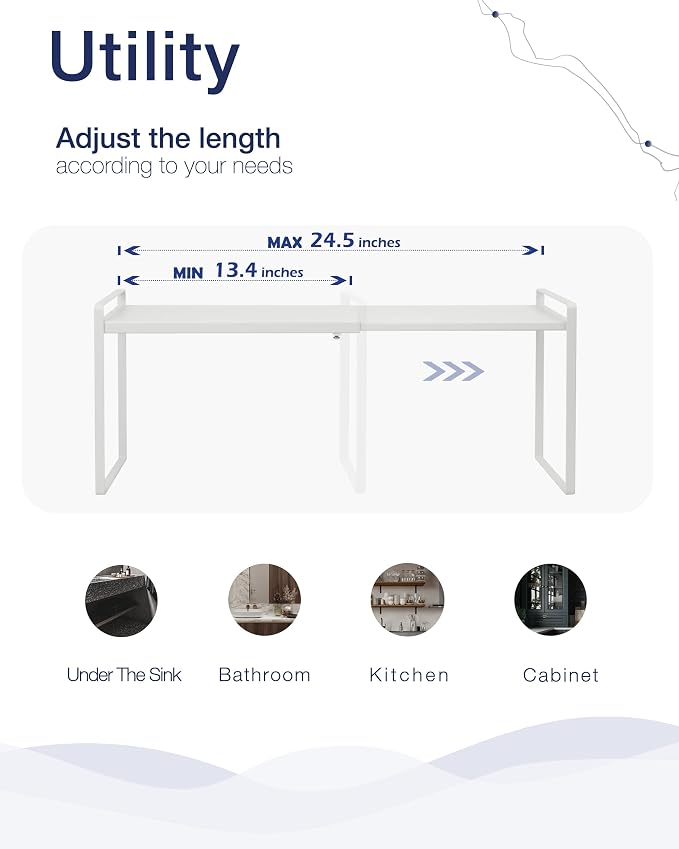 Nxconsu Expandable Cabinet Shelf Organizer Riser - Image 5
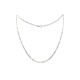 CADENA M.45 CARTIER DIAM 3X1 
PLATA .925 MEX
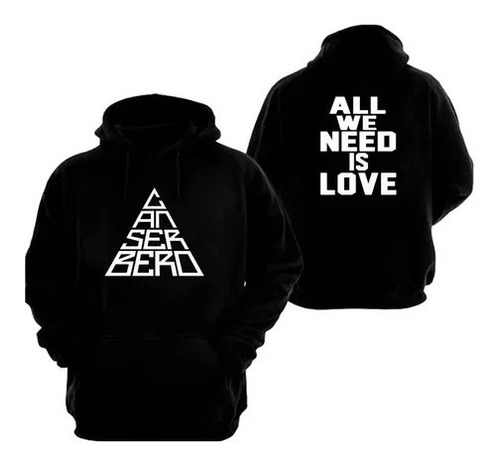 Poleron Estampado Con Diseño Canserbero All We Need Is Love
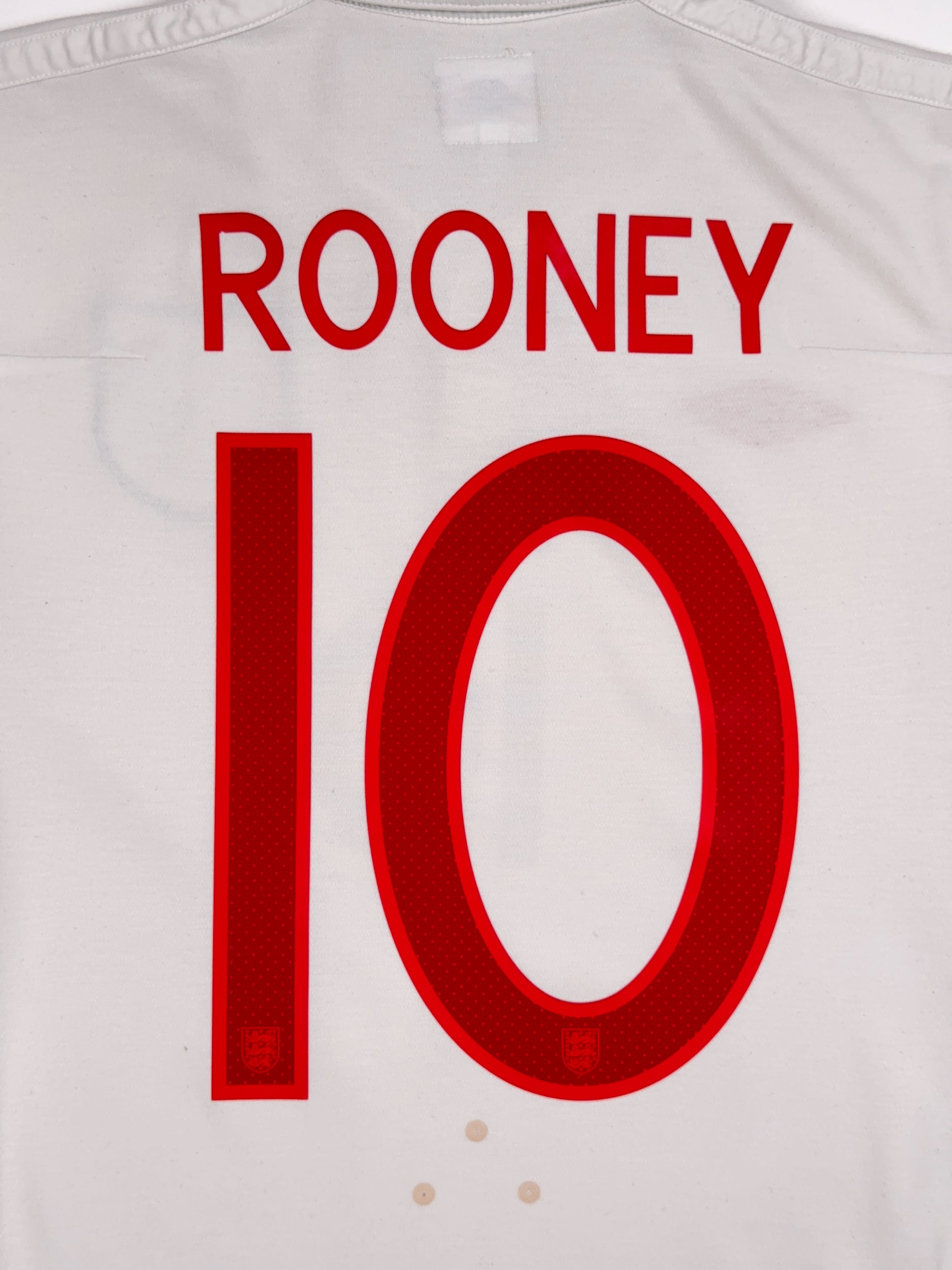 England 2010/12 Wayne Rooney #10 Home Shirt - M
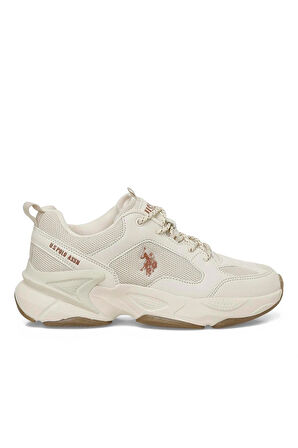 U.S. Polo Assn. MAYBE WMN 5FX BEJ Kadın Sneaker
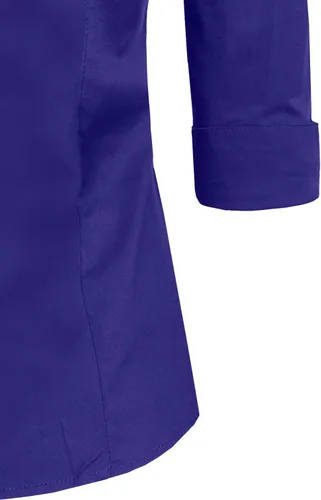 Vista 6 de NE PEOPLE Camisa de oficina con botones y manga 3/4 a medida para mujer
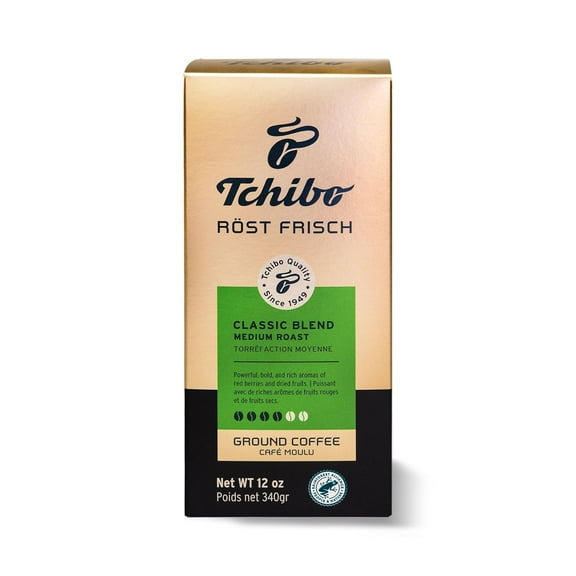 Ground Coffee - Röst Frisch Classic Blend - Lightly Roasted Arabica Beans with Delicate Hints of Dark Chocolate - Intensity 3/6, Acidity 2/6, Roast Level 2/6-12 oz - Pack of 1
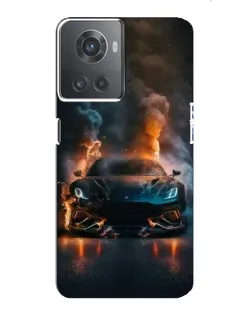 Чохол для OnePlus ACE (10R) з картинкою «Lamborghini димна естетика»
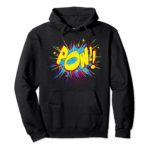 POW! Black pullover-hoodie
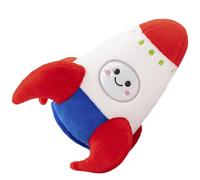 Cartoon Space Rocket Plush Toy Ultra-Soft Shuttle Stuffed Pillow Kawaii Space Mission Ship Plushie Saturn Rocket Dolls Gift/10.6''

....

▸ Problem details
Starting with the first line of the records above and stopping after the line containing "Vista 6 de NE", repeat every line exactly and leave out the pictures.

▸ Answer section
 Nxconsu Expandable Cabinet Shelf Organizer Riser - Image 5
 CADENA M.45 CARTIER DIAM 3X1 
PLATA .925 MEX
 Poleron Estampado Con Diseño Canserbero All We Need Is Love
 England 2010/12 Wayne Rooney #10 Home Shirt - M
 U.S. Polo Assn. MAYBE WMN 5FX BEJ Kadın Sneaker
 Vista 6 de NE PEOPLE Camisa de oficina con botones y manga 3/4 a medida para mujer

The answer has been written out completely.